As the show’s chief curator, Anastasia Christophilopoulou, explains: “This was born out of the Brexit referendum. A number of us were quite angry.” She laughs wryly. “It felt like a challenge to our own identity. We thought about who we are here in this country, economically, academically and socially, and asked ‘how does this country think differently in relation to central Europe in terms of cultural ideas and phenomena?’ We decided to investigate whether there would be a case to compare what was going on in the Mediterranean centuries ago with today.”
Spurred on by the “Get Brexit Done” election of 2019, a group of geologists, sociologists and experts in antiquity in the UK began to give talks, show films and contemporary art shows to highlight how history tends to be identified in closely defined eras. Historians often refer to epochs and places as, for example, the Peloponnesian war, the Mycenaean civilisation, the Greek and Roman empires. The effect is to give an impression that these eras are unrelated to what came before or after – that they are not part of a historical or cultural continuum.
The exhibition is only one of the group’s weapons. Every object on display tells a story about the way the islanders lived, fought, celebrated the gods, fed themselves and died. In telling these stories, the show highlights the movement of people, including those from Anatolia centuries ago, and in doing so, it foreshadows the migration crisis of recent years, especially the flight of refugees from Syria.
It also explains how, like the sturdily independent Sardinians, they were prepared to trade and share their knowledge without fretting about losing control of their individualism.
Many of the artefacts are freighted with emotion, and poignant for being so small – like the clay figure of a woman, from about 9000BC, giving birth supported by a partner whose legs are wrapped around her waist, arms around her chest.

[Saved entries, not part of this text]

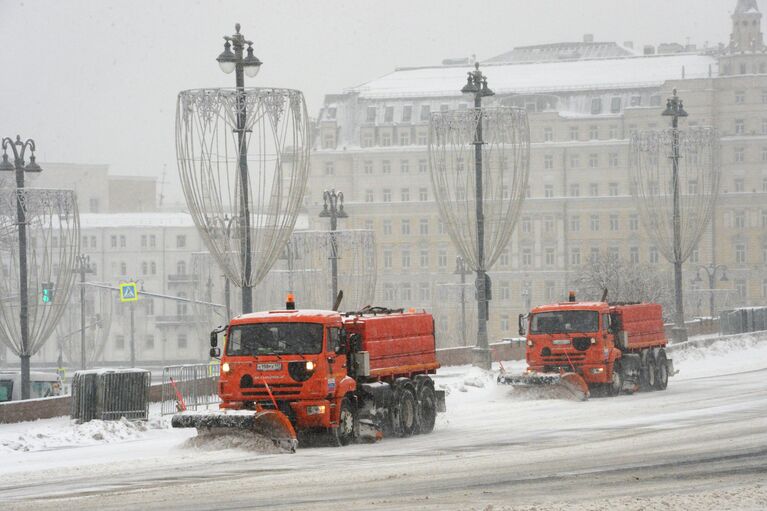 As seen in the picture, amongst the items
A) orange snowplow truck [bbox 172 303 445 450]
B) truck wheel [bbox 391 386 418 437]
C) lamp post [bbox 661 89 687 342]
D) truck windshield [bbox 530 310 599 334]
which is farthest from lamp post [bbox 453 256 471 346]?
orange snowplow truck [bbox 172 303 445 450]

What the curator refers to somewhat ungallantly as the “fat mother” is a rounded limestone figure who would have been buried more than 7,000 years ago with pottery vessels, bone tools and necklaces of minute shells.
Along with the figurine of a mother goddess from Sardinia made of marble, with its curiously flat head and angular body, they suggest that the islands were once a matriarchal society.
A mother mourning the death of her son in battle holds up a hand in prayer while she laments his passing. It was cast in bronze between 1000 and 700BC and is an unusual manifestation of a mother’s anguish, rather than the more familiar figurines of impassive gods or heroes. Reaching across the centuries, it has the same emotional jolt as a photograph of a Ukrainian mother weeping for her dead son.
Just as affecting, utterly life-enhancing, is a tiny, crawling baby only 4.8cm long, which had lain hidden for centuries under layers of earth in sacred caves used for carrying out cult activities in Crete. Its copper form is a rare portrayal of anyone that young and, again, speaks of humanity and love.
Amazingly well-preserved clay figures from the Cyprus Iron Age – 2,000 of them – were found in 1929 in an open-air sanctuary used for sacrifices. They include a group of charioteers, mythical creatures, a bull with snakes on its back and a woman with a little animal, perhaps a sign of the importance of farming. Inevitably known as Cyprus’s terracotta army, these are far more diverse and interesting.
Storage containers tell the story of food and how olive oil, wine, raisins, even perfumes were traded between the islands. One container is decorated with birds, animals and mythical creatures, which could be a marketing operation of some kind or maybe the work of an immigrant. The designs are associated with Anatolia, but the geometric shape of the vessel is Cypriot.
Death looms large. There are jars that contained the skeletons of sacrificed children, while bodies of adults were bound and squeezed into what looks like a small clay hip bath, until they decomposed. They were moved into a cave, their bones pushed to one side until the next body arrived.
They were buried with their possessions. An array of fearsome swords accompanied the funerals in Cyprus so that no one could use them in the afterlife, and a complex ceramic pedestal bowl decorated with horned animal heads, a bird and two miniature bowls on the rim shaped like tulips were an indication of the dead person’s status.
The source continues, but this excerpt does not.